研究実績の概要 |
今年度も場の量子論のエンタングルメント構造に関する研究を、ホログラフィー原理および量子情報理論的側面から行った。予てより依頼されていた、近年の場の量子論およびホログラフィー原理における量子エンタングルメントの発展に関する総括論文を執筆、発表した (Rev. Mod. Phys. 90, no. 3, 035007 (2018))。この総括論文では場の量子論におけるくりこみ群の下での量子エンタングルメントの果たす役割について当研究課題で得られた最新の研究成果を盛り込むことができた。

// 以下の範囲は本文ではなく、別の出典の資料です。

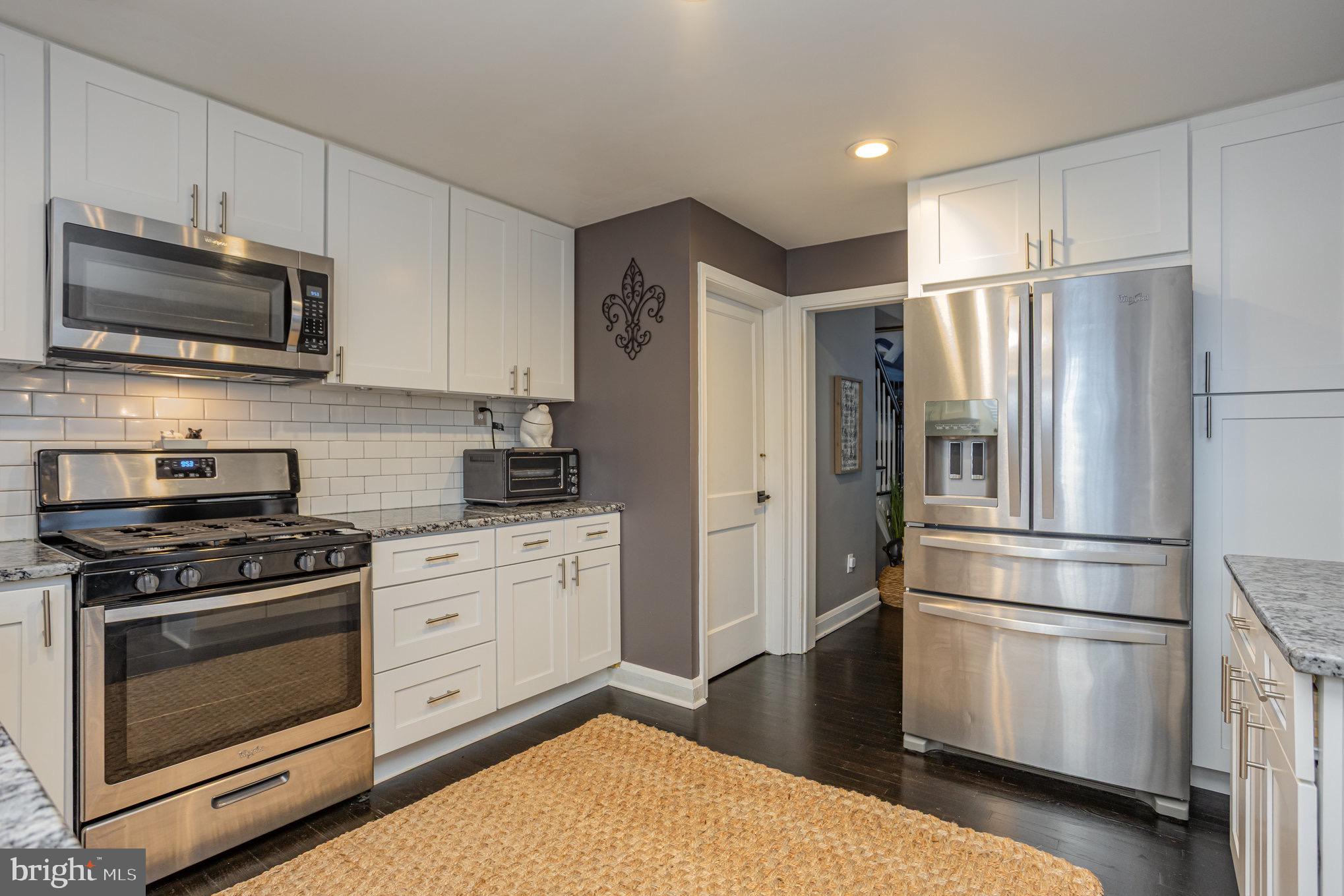 1500 Doxbury Road Baltimore, MD 21286 - Photo 11 of 36 a kitchen with stainless steel appliances a refrigerator stove and microwave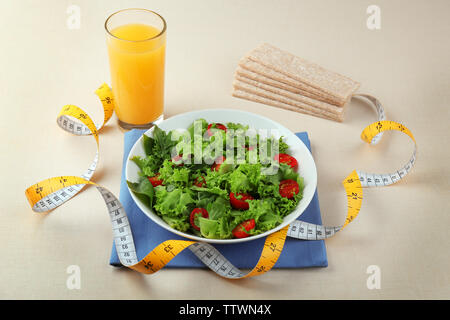 Frischer Salat und Maßband am weißen Tisch Stockfoto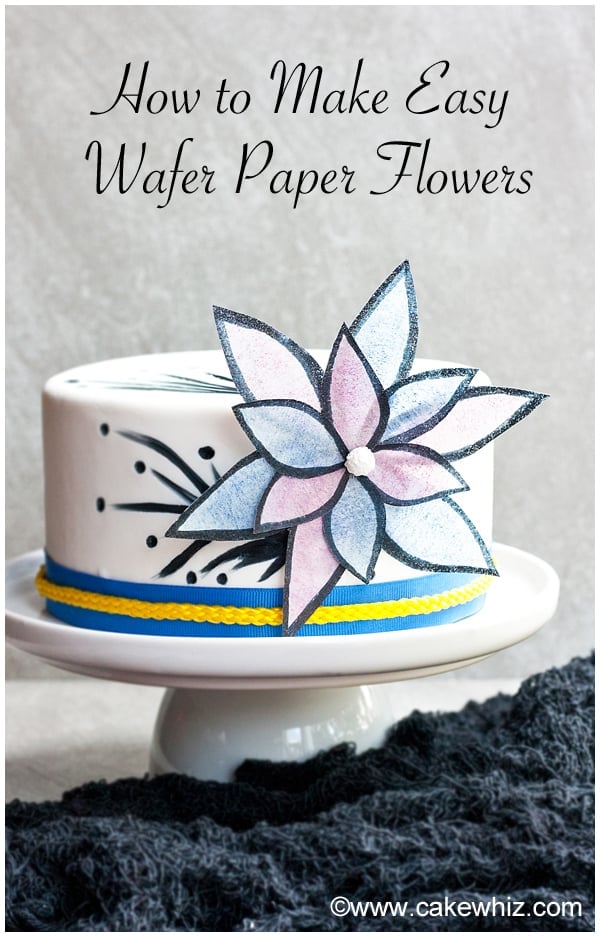 White Fondant Cake With Easy Wafer Paper Flowers on Gray Background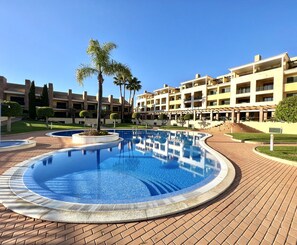 Un hôtel doté d’une grande piscine, de palmiers et d’un chemin bordé de briques.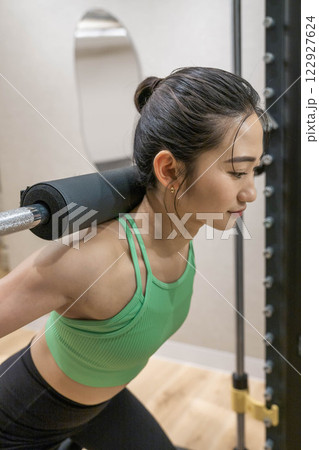 室内のジムで筋トレをする若い女性 室内のジムで筋トレをする若い女性 122927624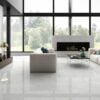 a modern living room seen with a large size square porcelain tile light gray color that looks like marble
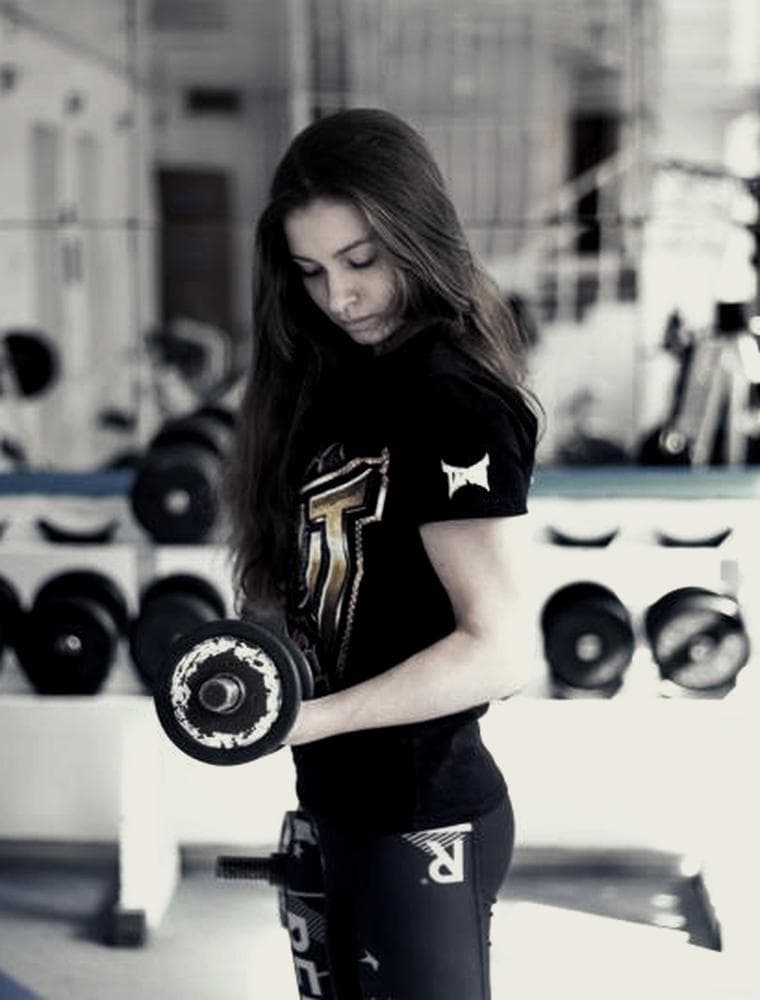 Atleta entrenando con mancuernas en la sala de un centro deportivo.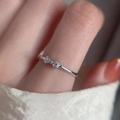 Minimalist silver twist ring featuring a delicate bow tie with small diamond accents - Bowknot Rhinestone Open Ring (J2212)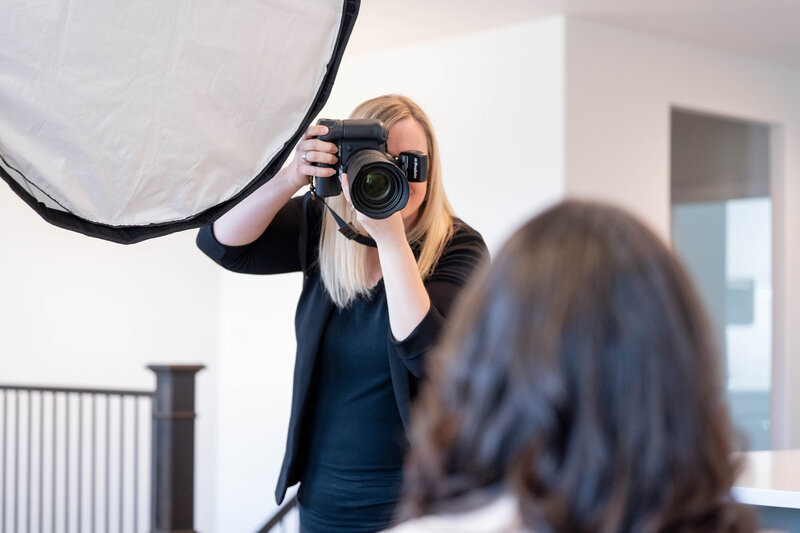 Portrait of Sara Vaz holding her camera taking a picture with her Canon camera.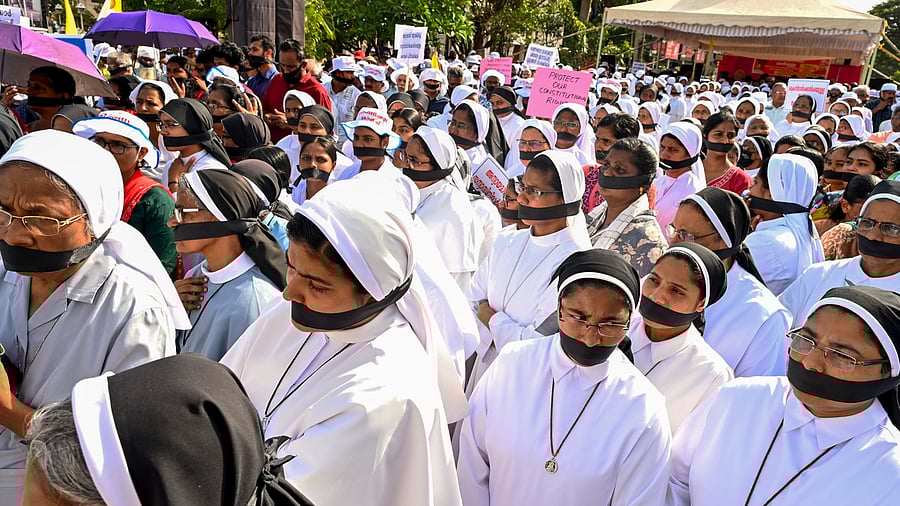 <div class="paragraphs"><p>Catholic Forum members with black cloth over their mouths hold a demonstration against the arrest of two Catholic nuns in BJP-ruled Chhattisgarh, in Thiruvananthapuram, Wednesday, July 30, 2025.</p></div>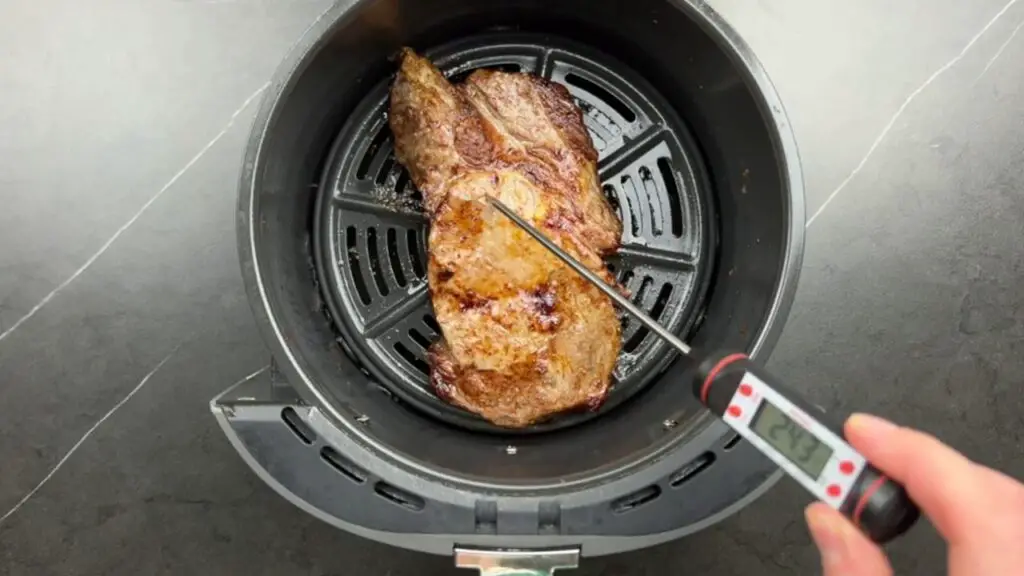 A digital thermometer checking the internal temperature of a cooked ribeye steak inside an air fryer basket, demonstrating the ideal steak in air fryer temperature for your preferred level of doneness.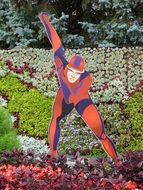 skater, statue on flowerbed in park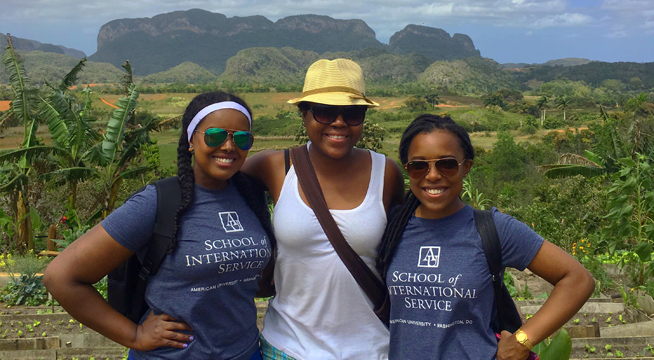 Three students studying abroad stand in front of lush vegetation.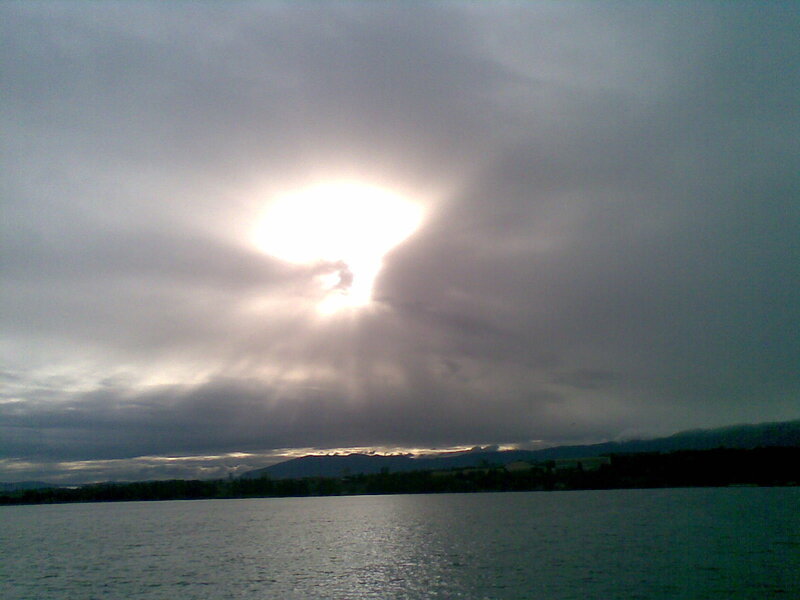 Sunlight breaking through clouds over water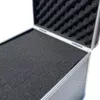 Close-up view of the interior of an open aluminum case with foam padding. Produktbild-Vorschau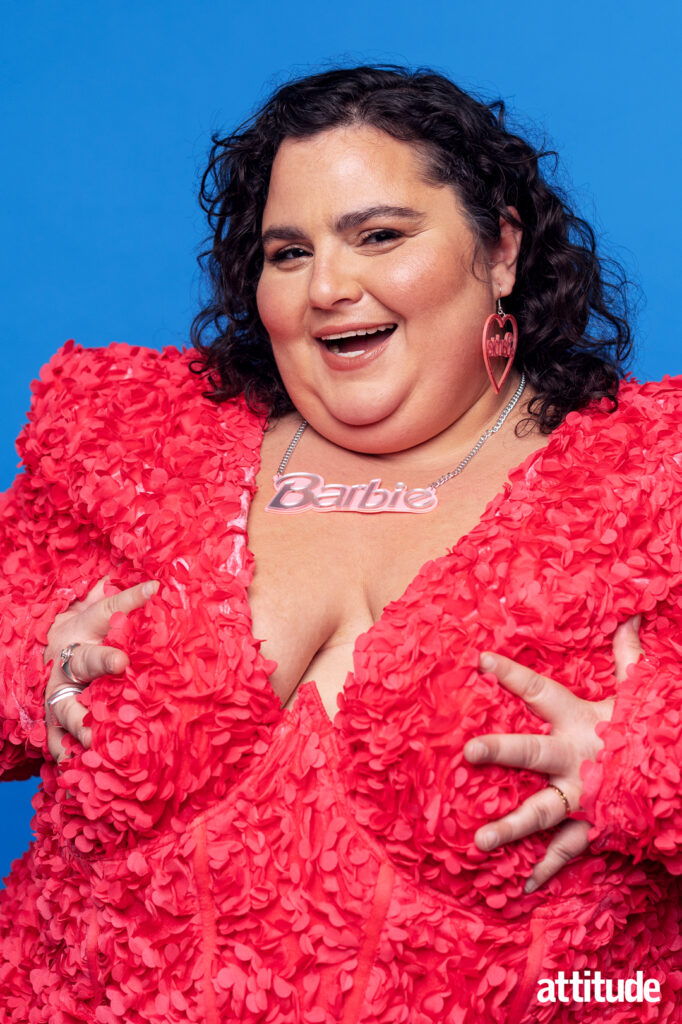 Barbara Butch in a rose-textured dark pink dress with a Barbie necklace. Her hands are pushing against her breasts and she's smiling wide.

また昨年度行った量子エンタングルメントへの非局所的な欠損演算子を使ったアプローチをさらに掘り下げるため、今年度は共形場理論におけるスピンをもつ欠損演算子を導入し、その相関関数を対称性の観点から分類し決定した (JHEP 1809, 134 (2018))。この研究では具体的な場の量子論の量子エンタングルメントが計算できたわけではないが、スピンをもつ欠損演算子として量子エンタングルメントの新たな指標が構成できる可能性を探ることができた。
さらに今年度はくりこみ群への量子情報的アプローチを推し進めるため、エンタングルメントエントロピーおよび球面上の分配関数がくりこみ群の下でどのように振る舞いかをホログラフィー原理および場の量子論の様々な具体例を通して調べあげた。そして最も一般的な欠損演算子入りの共形場理論では、従来減少すると思われていたエンタングルメントエントロピーは一般に単調減少しない反例を構成した。また最終的に球面上の分配関数がくりこみ群の下で単調減少するという予想を立てた (JHEP 1901, 039 (2019))。この予想が正しければ、今後場の量子論のダイナミクスにより強い制限を課すことができると期待される。